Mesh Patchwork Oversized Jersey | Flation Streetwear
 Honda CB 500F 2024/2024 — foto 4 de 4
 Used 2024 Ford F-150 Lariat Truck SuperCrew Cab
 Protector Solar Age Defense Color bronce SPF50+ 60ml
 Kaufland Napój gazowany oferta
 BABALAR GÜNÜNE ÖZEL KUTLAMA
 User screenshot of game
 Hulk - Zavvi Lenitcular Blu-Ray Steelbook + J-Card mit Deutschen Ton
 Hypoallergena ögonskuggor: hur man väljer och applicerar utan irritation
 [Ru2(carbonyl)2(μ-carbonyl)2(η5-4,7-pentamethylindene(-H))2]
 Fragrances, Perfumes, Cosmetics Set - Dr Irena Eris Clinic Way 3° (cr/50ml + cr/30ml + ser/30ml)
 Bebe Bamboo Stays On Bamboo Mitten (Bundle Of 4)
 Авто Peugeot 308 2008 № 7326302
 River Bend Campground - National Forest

++++++++++

● Work required
Output the line containing "Honda CB 500F 2024/2024 — foto 4 de 4" and every line after it through the final line of the records above, exactly as written and nothing else.

● Task response
 Honda CB 500F 2024/2024 — foto 4 de 4
 Used 2024 Ford F-150 Lariat Truck SuperCrew Cab
 Protector Solar Age Defense Color bronce SPF50+ 60ml
 Kaufland Napój gazowany oferta
 BABALAR GÜNÜNE ÖZEL KUTLAMA
 User screenshot of game
 Hulk - Zavvi Lenitcular Blu-Ray Steelbook + J-Card mit Deutschen Ton
 Hypoallergena ögonskuggor: hur man väljer och applicerar utan irritation
 [Ru2(carbonyl)2(μ-carbonyl)2(η5-4,7-pentamethylindene(-H))2]
 Fragrances, Perfumes, Cosmetics Set - Dr Irena Eris Clinic Way 3° (cr/50ml + cr/30ml + ser/30ml)
 Bebe Bamboo Stays On Bamboo Mitten (Bundle Of 4)
 Авто Peugeot 308 2008 № 7326302
 River Bend Campground - National Forest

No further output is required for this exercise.